CIGUDEG, BOGOR – Ribuan warga dari Cigudeg, Rumpin, dan Parung Panjang, Kabupaten Bogor, menggelar aksi unjuk rasa di halaman Kantor Kecamatan Cigudeg, Senin (12/1/2026).
Aksi itu sempat memanas dan menimbulkan kerusakan fasilitas kantor.
Massa terdiri dari pria dewasa hingga emak-emak.
Baca Juga: Dugaan Perampasan Tanah Adat oleh PT Agincourt Resources Viral di Media Sosial Mereka membawa truk pengangkut tambang yang diparkir memenuhi halaman kantor.
Kericuhan terjadi ketika warga dan petugas keamanan terlibat dorong-mendorong, menyebabkan sejumlah kaca pecah dan lalu lintas sekitar tersendat parah.

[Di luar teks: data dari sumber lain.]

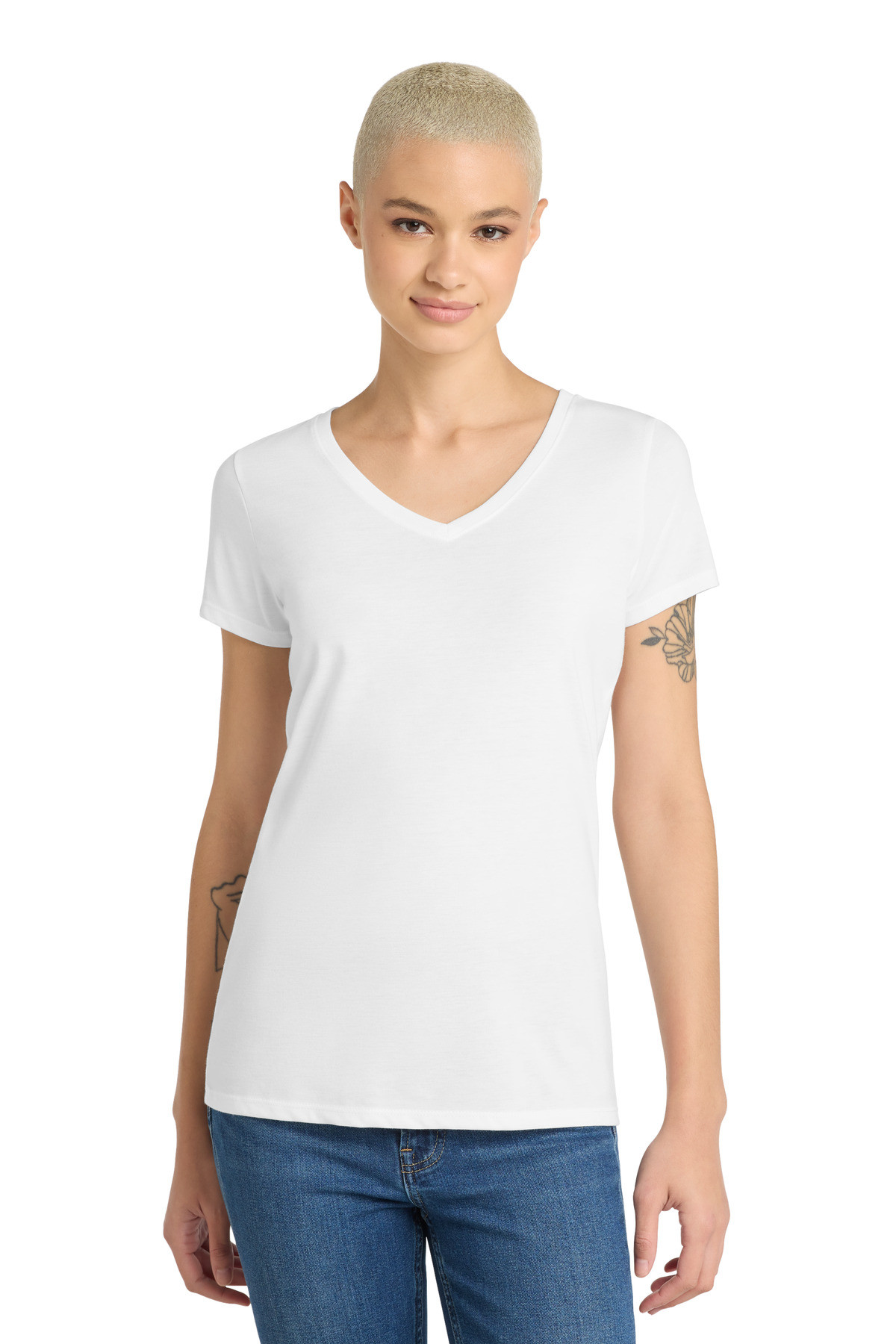 District-®--Women's-Perfect-Tri-®--V-Neck-Tee.-DM1350L-41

Koordinator aksi, Asep Fadhlan, menyatakan tuntutan warga meliputi pembukaan kembali aktivitas tambang dan pencairan bantuan sosial (bansos) Rp 3 juta per bulan yang dijanjikan Gubernur Jawa Barat, Dedi Mulyadi.
Warga mengklaim, penutupan tambang telah berlangsung lebih dari 100 hari, namun kompensasi belum tersalurkan secara merata.
"Janji beliau itu Rp 3 juta per bulan, sedangkan perusahaan tambang sudah ditutup lebih dari 3 bulan atau 100 hari. Penutupan awalnya terkait pembangunan jalan di Parung Panjang, tapi proyek sudah selesai," ujar Fadhlan.
Massa menegaskan akan tetap menduduki kantor kecamatan jika tuntutan mereka tidak segera mendapat kepastian dari pemerintah provinsi maupun kabupaten.
Untuk meredam situasi, Bupati Bogor Rudy Susmanto, Wakil Bupati Ade Ruhandi, dan Kapolres Bogor AKBP Wikha Ardilestanto hadir melakukan dialog tertutup dengan perwakilan warga.
Hingga sore hari, kondisi di lokasi mulai berangsur kondusif, meski ribuan warga masih menunggu hasil kesepakatan.*
(k/dh)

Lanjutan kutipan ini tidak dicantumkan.